Computers In Spaceflight

I can still remember watching our grainy black and white TV when Alan Shepard launched in 1961. I was probably in first grade, but we were allowed to skip school that day to see the flight, since Dad was working at Grumman on LEM (now called LM) proposal work. The launch was postponed a couple of times and days, and I have no memory if we stayed home on those occasions as well.

That was just over 50 years ago. Younger folks would be stunned how space fever grabbed this nation. From about 1961 to 1970 it practically defined popular culture: space burgers, space motels, space everything was the order of the time.

The interest quickly waned. I remember watching Apollo 17 go; the launch was shown as a small inset on a broadcast of a (apparently more important) football game.

Computers were still in their infancy in 1961. The Mercury spacecraft didn't have one, which to a 2013 EE is pretty astonishing considering we need computers even to drive toothbrushes today (http://www.beamtoothbrush.com/). IBM's 360 series was still years away; even their 7090 family was only a year old. A decade later when I started college the university was dismantling their 7094 as it was completely obsolete.

By the time of Apollo computers were more sophisticated, but by today's standards were primitive. The history of these times has been told in many books. One of my favorites is Digital Apollo (http://www.embedded.com/electronics-blogs/break-points/4026895/Engineering-Apollo). But recently I ran across an old book called "Computers in Spaceflight." It's a 300+ page tome (not including references) which is available here (http://archive.org/download/nasa_techdoc_19880069935/19880069935.pdf) as a huge (500 MB) .PDF. James Tomayko wrote it under a NASA contract.

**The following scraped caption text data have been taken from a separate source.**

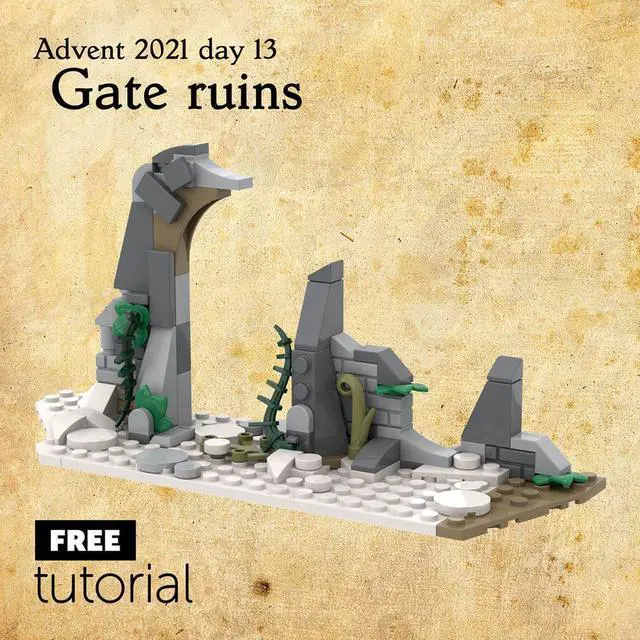 Main image of ZITIANYOUBUILD Custom MOC-96363 Medieval Gate Ruins 89 Parts Building Toys Gift for Christmas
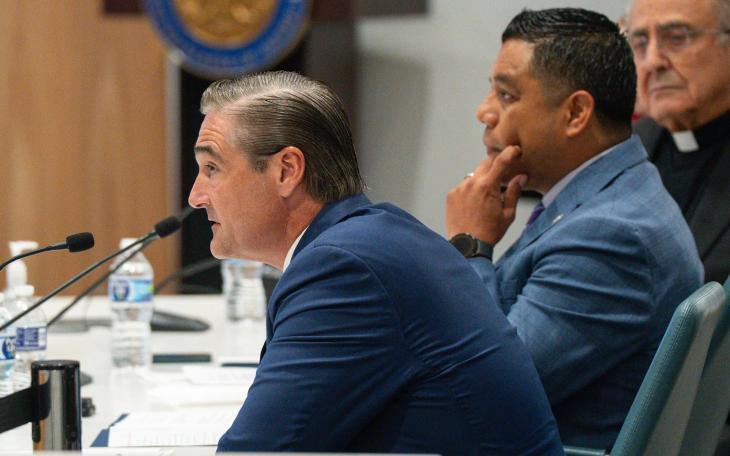 Harris Co. District Attorney Sean Teare speaks during an oversight hearing about the July 7 fatal shooting of Lorenzo Salgado Araujo, in Houston on July 24, 2026.
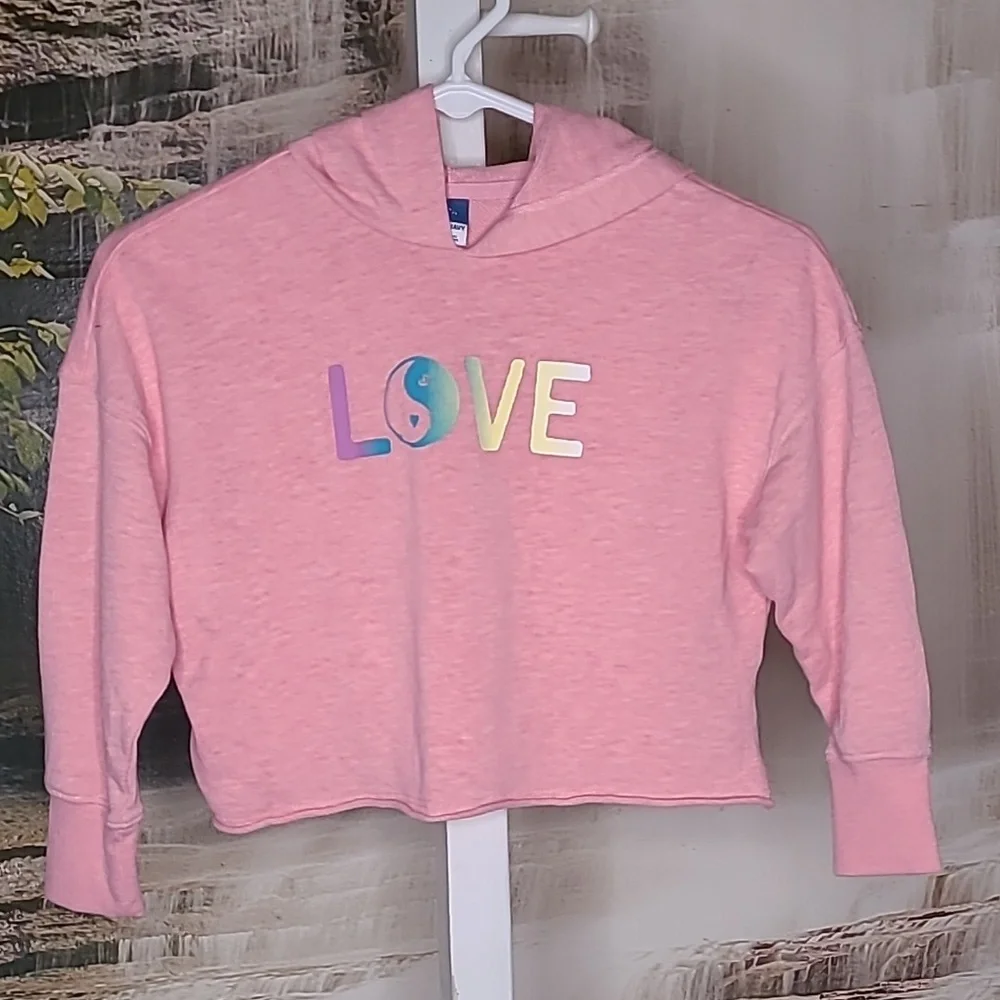 Old Navy girls Small pink metallic neon Love long sleeve sweatshirt hoodie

The book does have a number of obvious errors, and my first reaction was that Mr. Tomayko must have been more English Major than computer scientist, but Google indicates he was a professor of Computer Science at Carnegie Mellon till his untimely death in 2006. For instance, the cycle time of the Gemini computer is listed as 140 msec which seems incredibly slow; on-line references suggest that should be 140 usec. But the mistakes do not diminish this important book.

It's divided into three sections, covering manned and unmanned missions and ground support equipment. The former takes us to about 1986 and the Shuttle, though Challenger's loss that year isn't mentioned. Obviously, this long predates the International Space Station.

The story of the Apollo Guidance Computer has been told many times and continues to fascinate, but till reading Computers in Spaceflight I had little information about Mercury's lack of a processor, or about the very limited CPU aboard the Gemini missions. It used no ICs and was composed entirely of discrete devices, presumably transistors, though the book is silent about this. At almost 60 pounds it was composed of 510 PCBs just for the logic section. A bit-serial machine, it had 4k 39 bit words of core memory. An auxiliary tape unit weighed in at another 26 pounds and stored just over a million bits. Compare that to a modern sub-$100 disk drive that stores ten million times more data in a package measured in grams of weight.

Unmanned programs started using microprocessors with the 1802, one of the first CMOS CPUs which used practically no power and had no hardware stack. The book makes tantalizing references to AMD's 2901 (a bit-slice CPU the author gets wrong) and the 68K, but hardware gets much less focus than software. To me, that's Computers in Spaceflight's biggest disappointment as the digital hardware of the time had to be ingeniously designed to overcome the limitations of low-transistor counts.

The software gets lots of attention, sometimes in mind-numbing detail. But the meta-story is fascinating. As far back as Gemini program managers found that the software was the pacing component. It was never done fast enough and many meetings and committees tried, without much luck, to constrain the code.

The section on ground computers is less compelling than the others, as these were off-the-shelf mainframes. One interesting tidbit: the Saturn V firing rooms at the Cape required 250 men stationed behind consoles to get the thing off the pad. A floor layout shows that, indeed, these individuals were men: there's a sizeable men's room, but no ladies!

For a computer history buff this is a must-read, though be prepared for some slow sections. A Kindle edition is available for a buck, which is a much better deal than printing so many pages. No doubt I made a generous donation to HP's ink division.

Do you remember the Apollo program? How about Mercury or Gemini?